A segunda constelação, chamada de “Gambiarras Domesticadas” formou uma coleção de instrumentos sonoros que tem como base a exploração e uso de sistemas open source (ou de código aberto). O termo “domesticadas” parte da ideia de processos gambiarrísticos que já estão institucionalizados e disponíveis para artistas e gambiólogos nesses tipos de sistemas abertos, através de plataformas amigáveis ao hacking que criam processos colaborativos entre hackers e que, por sua vez, acabam por proporcionar o acesso ao conhecimento.

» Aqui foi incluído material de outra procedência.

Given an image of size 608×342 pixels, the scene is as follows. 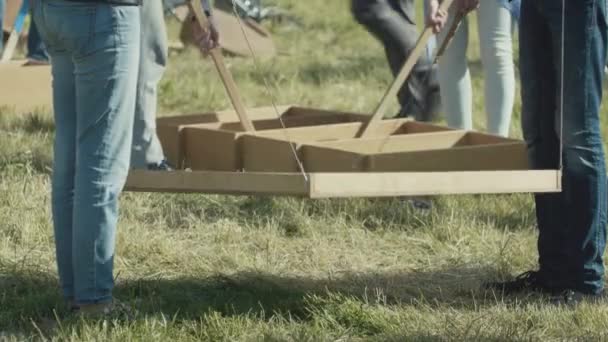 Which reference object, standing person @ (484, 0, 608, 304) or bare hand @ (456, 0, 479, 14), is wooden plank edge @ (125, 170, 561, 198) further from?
bare hand @ (456, 0, 479, 14)

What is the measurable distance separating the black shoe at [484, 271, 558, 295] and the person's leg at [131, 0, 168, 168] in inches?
66.8

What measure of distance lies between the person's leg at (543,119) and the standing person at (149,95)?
1711 millimetres

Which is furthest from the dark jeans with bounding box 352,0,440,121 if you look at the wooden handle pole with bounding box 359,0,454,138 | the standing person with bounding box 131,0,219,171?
the standing person with bounding box 131,0,219,171

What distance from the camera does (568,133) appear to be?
3869 millimetres

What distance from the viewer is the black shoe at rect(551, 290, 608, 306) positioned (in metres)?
3.91

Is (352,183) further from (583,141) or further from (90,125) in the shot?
(583,141)

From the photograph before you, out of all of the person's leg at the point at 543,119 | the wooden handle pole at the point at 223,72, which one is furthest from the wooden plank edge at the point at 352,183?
the wooden handle pole at the point at 223,72

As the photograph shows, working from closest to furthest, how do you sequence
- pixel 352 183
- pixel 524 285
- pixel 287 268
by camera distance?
pixel 352 183, pixel 524 285, pixel 287 268

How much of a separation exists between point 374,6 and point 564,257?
2.20 metres

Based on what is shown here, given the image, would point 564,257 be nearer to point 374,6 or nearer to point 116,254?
point 116,254

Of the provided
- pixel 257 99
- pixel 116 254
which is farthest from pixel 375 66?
pixel 116 254

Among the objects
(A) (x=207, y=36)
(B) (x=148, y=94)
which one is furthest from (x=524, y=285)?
(B) (x=148, y=94)

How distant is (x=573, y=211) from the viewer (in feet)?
12.9

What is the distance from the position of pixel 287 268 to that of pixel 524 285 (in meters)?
0.80
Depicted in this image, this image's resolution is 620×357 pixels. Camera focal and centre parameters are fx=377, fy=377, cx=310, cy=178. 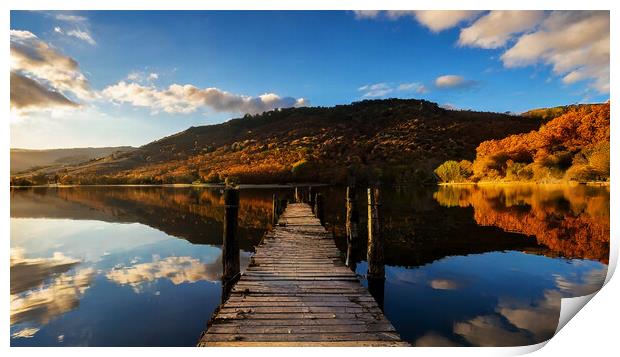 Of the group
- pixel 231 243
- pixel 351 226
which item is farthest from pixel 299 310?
pixel 351 226

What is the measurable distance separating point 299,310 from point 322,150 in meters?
45.3

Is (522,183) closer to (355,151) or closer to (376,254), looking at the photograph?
(355,151)

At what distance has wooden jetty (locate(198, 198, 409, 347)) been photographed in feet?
11.5

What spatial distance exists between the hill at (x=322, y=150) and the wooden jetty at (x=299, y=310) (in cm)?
3751

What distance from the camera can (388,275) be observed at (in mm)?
8922

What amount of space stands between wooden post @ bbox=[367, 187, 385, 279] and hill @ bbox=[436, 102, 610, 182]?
1235 centimetres

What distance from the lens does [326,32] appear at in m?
9.02

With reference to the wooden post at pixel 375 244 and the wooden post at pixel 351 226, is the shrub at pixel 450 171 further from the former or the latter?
the wooden post at pixel 375 244

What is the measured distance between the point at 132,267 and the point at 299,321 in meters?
8.06

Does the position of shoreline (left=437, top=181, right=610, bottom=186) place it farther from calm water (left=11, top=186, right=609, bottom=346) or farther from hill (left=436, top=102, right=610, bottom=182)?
calm water (left=11, top=186, right=609, bottom=346)

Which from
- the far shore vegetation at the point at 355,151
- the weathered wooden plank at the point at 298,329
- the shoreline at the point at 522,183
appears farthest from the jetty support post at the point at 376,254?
the far shore vegetation at the point at 355,151

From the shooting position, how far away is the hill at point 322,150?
45812 mm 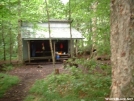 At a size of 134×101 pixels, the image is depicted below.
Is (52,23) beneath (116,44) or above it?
above

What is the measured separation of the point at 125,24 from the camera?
3785mm

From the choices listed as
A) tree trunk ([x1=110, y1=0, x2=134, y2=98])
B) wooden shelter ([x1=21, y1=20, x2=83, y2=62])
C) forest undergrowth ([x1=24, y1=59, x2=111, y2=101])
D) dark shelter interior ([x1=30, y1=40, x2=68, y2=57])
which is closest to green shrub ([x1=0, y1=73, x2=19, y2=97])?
forest undergrowth ([x1=24, y1=59, x2=111, y2=101])

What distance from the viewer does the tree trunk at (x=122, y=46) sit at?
378 centimetres

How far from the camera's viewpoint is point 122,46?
151 inches

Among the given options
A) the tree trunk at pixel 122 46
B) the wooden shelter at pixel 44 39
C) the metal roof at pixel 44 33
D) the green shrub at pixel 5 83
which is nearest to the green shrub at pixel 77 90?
the green shrub at pixel 5 83

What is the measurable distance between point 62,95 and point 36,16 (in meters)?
10.7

Além da observação do instrumento conhecido como Theremidi, elaborado a partir da plataforma Arduino, que atualiza novamente o Theremin substituindo a tradicional antena de rádio por sensores infravermelhos e microchips, o laboratório de hacking desta vez produziu uma cartoescavação realizada pela discente com base no sistema eletrônico Drawdio, culminando na criação de um instrumento sonoro denominado de O.S.N.I. – objeto sonoro não identificado. Esse instrumento surgiu com intuito de sonificar uma fita VHS, combinando essa materialidade com outros elementos eletrônicos possibilitados pelo diagrama em questão.
Assim como já havia acontecido nos experimentos em torno da primeira constelação, a pesquisadora ressaltou aqui a importância de perceber como as sonicidades explícitas (os elementos sonoros audíveis das materialidades) podem indicar o caminho para reconhecer as sonicidades implícitas (não audíveis) das mídias, o que, neste caso, possibilitou conhecer mais profundamente as materialidades geoquímicas/físicas do VHS.
O conhecimento mídia arqueológico possibilitado, então, chamou a atenção para algo que o teórico Wolfgang Ernst (2019) alerta a respeito da genealogia do vídeo, onde o sinal televisivo é muitas vezes tido como descendente direto do cinema e da fotografia, mas que na verdade carrega uma profunda ligação com a transmissão vocal telefônica.
Por fim, a pesquisa concluiu que os experimentos realizados por artistas parasitas têm o poder de instaurar outras versões das tecnologias gambiarradas, dando a ver diferentes atualizações dessas mídias, além de inspirar outros devires tecnológicos, permitindo perceber os rearranjos que ocorrem entre mídias e tecnologias através de processos artísticos que complexificam o entendimento sobre o ambiente tecnocultural contemporâneo e dando a ver as diferentes dinâmicas proporcionadas dentro da própria tecnocultura em si.
Em resposta à defesa apresentada pela discente, a banca ressaltou o caráter de originalidade possibilitado pela ênfase dada na pesquisa ao trabalho laboratorial realizado, valorizando o caráter artesanal da investigação que coloca o pesquisador diretamente inserido neste contexto e não mais um simples observador (supostamente) neutro que observa o mundo de fora.
O Prof. Dr. Marcelo Conter citou a qualidade do diálogo criado entre os campos da comunicação e das artes, observando a relação entre parasita e hospedeiro sugerida e que indica também potenciais novas leituras sobre o objeto. Além do crescimento do trabalho evidenciado desde a etapa de qualificação, o Prof. Dr. Gustavo Fischer destacou a enorme contribuição que esta pesquisa traz ao grupo TCAv, não apenas reposicionando o autor Wolfgang Ernst dentro do seu espectro bibliográfico, como potencializando também seu diálogo com outras interfaces comunicacionais. Ficaram, por fim, como provocação da banca, algumas sugestões para aproximar o objeto de outros autores como Deleuze e também expandir a pesquisa em diferentes direções que se mostram interessantes a partir das discussões levantadas.
Com a aprovação final, a expectativa recai sobre a possibilidade levantada pelos arguidores de que este trabalho possa virar um livro, dada sua capacidade de dialogar com diferentes áreas e inspirar novas abordagens experimentais sobre as mídias.